* Problem statement
Everything from the line with "Patriotic Bulgarian Flag" to the final line of the entries, both included, should be restated word for word; please omit the pictures.
Material to process START
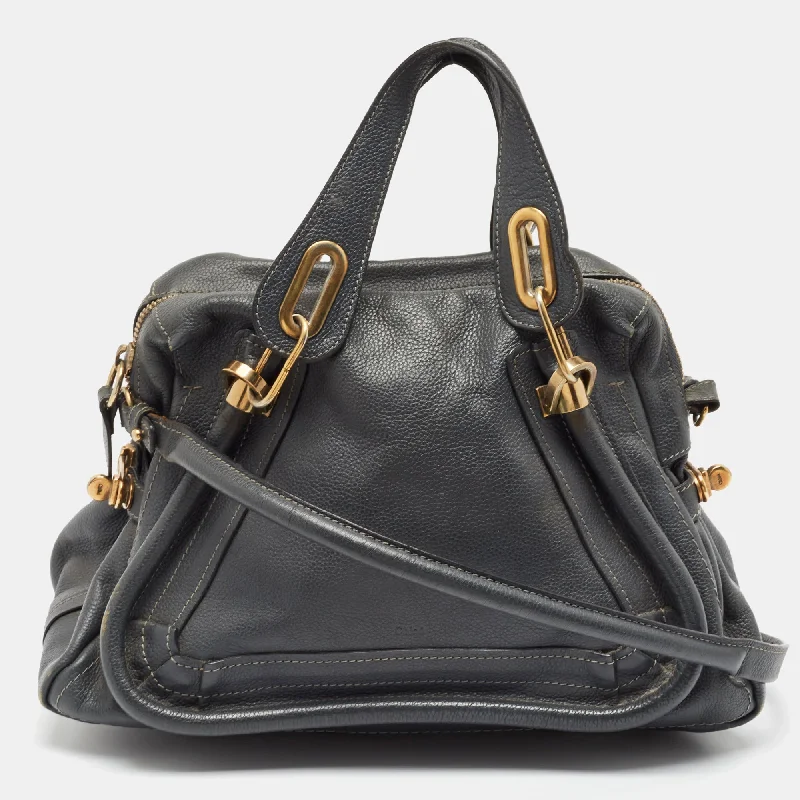 Shoulder bags with soft fabric for comfort -Chloe Dark Grey Leather Medium Paraty Shoulder Bag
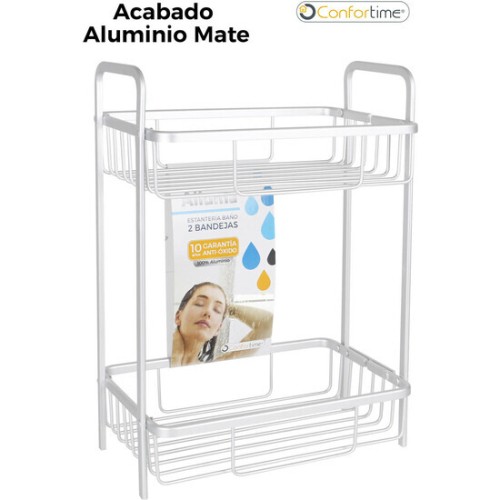 Rectangular Bathroom Shelf with 2 Trays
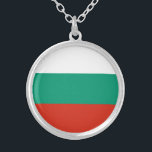 Patriotic Bulgarian Flag Silver Plated Necklace<br><div class="desc">The national flag of Bulgaria.</div>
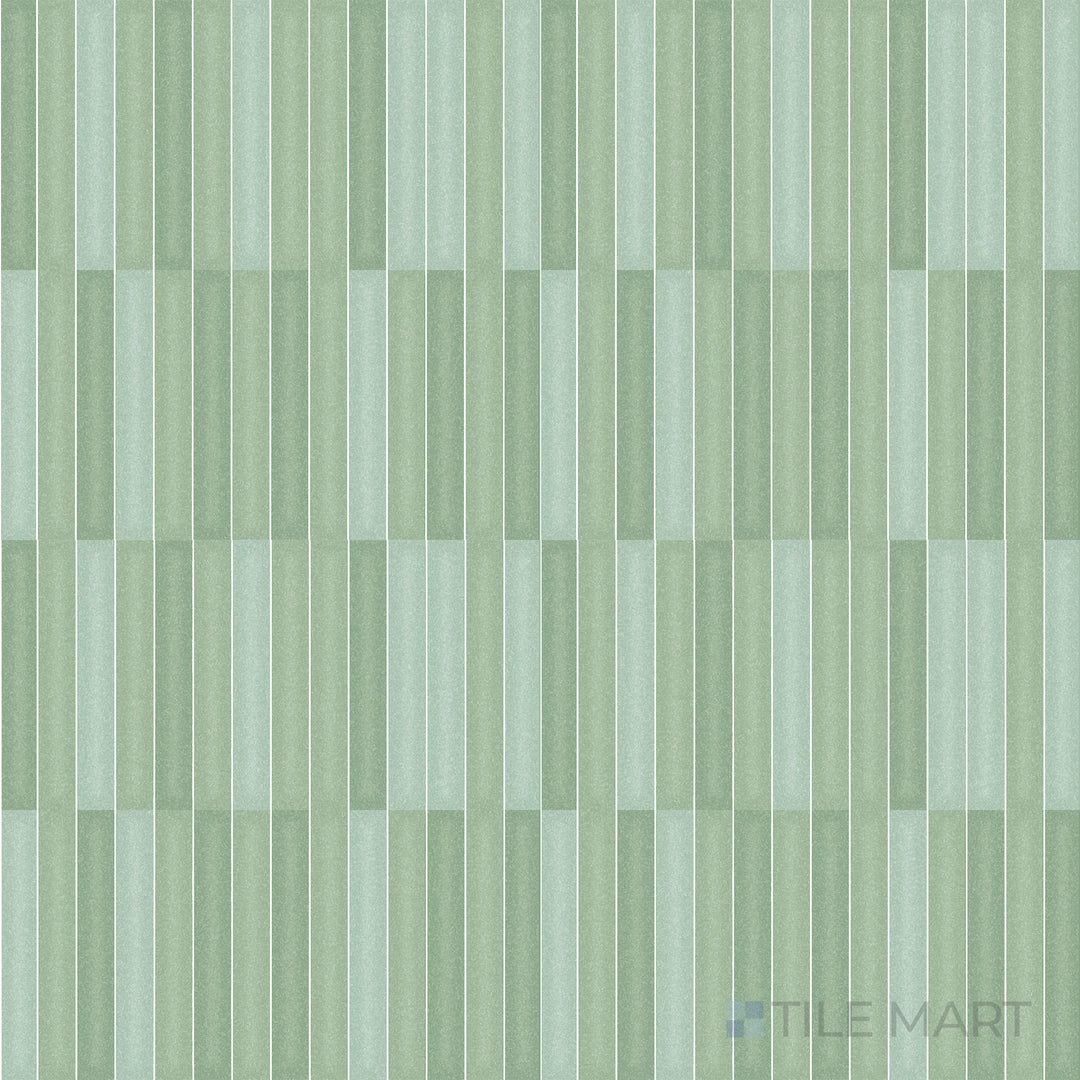 Overhead image of Roku Green 4.5X9 Matte Porcelain, a bold green tile with a fresh natural tone and a matte texture.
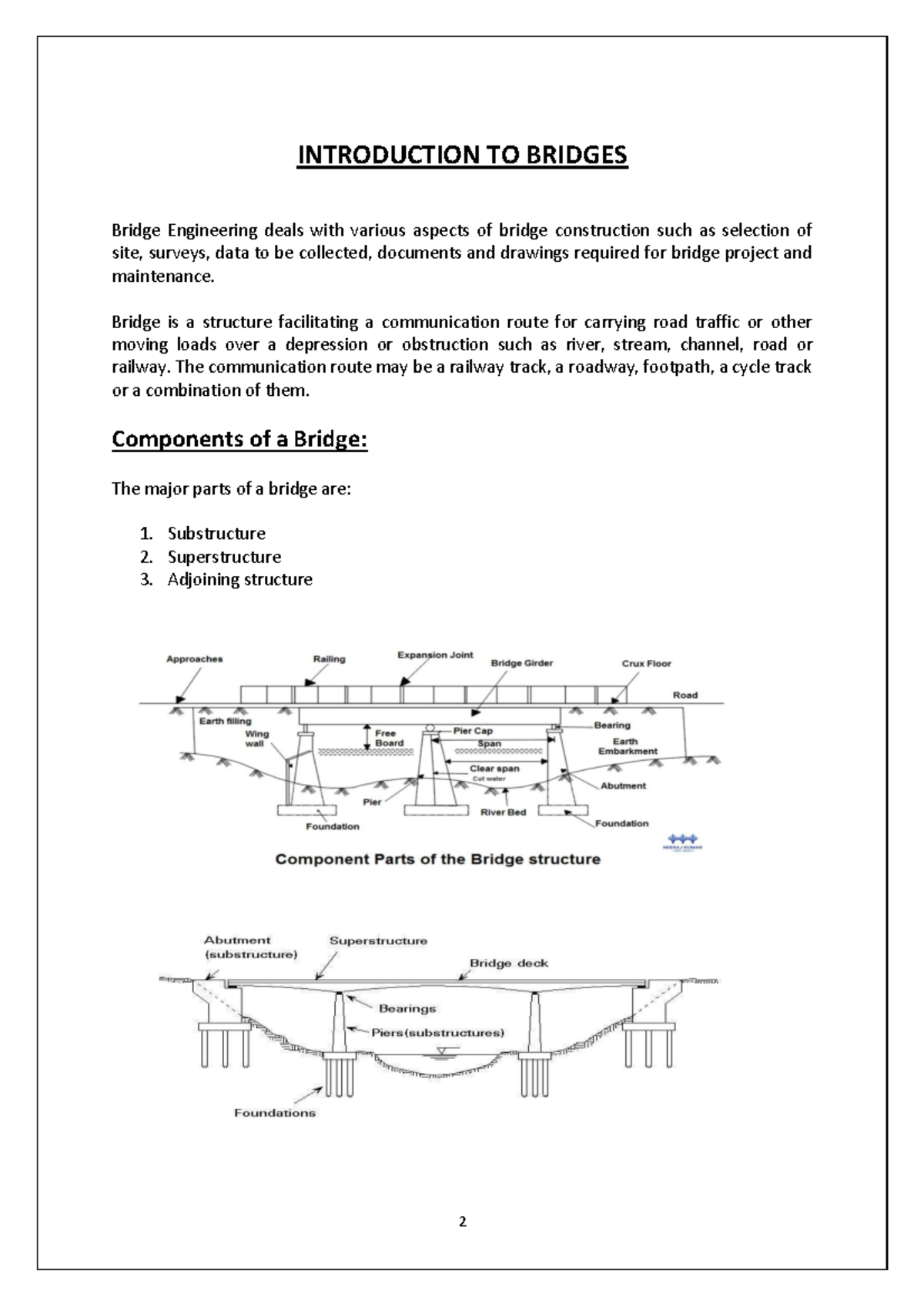 Bridge Engineering: Key Concepts and Site Planning (ENGG) - Studocu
Material to process END
* Output of the exercise
 Patriotic Bulgarian Flag Silver Plated Necklace<br><div class="desc">The national flag of Bulgaria.</div>
 Overhead image of Roku Green 4.5X9 Matte Porcelain, a bold green tile with a fresh natural tone and a matte texture.
 Bridge Engineering: Key Concepts and Site Planning (ENGG) - Studocu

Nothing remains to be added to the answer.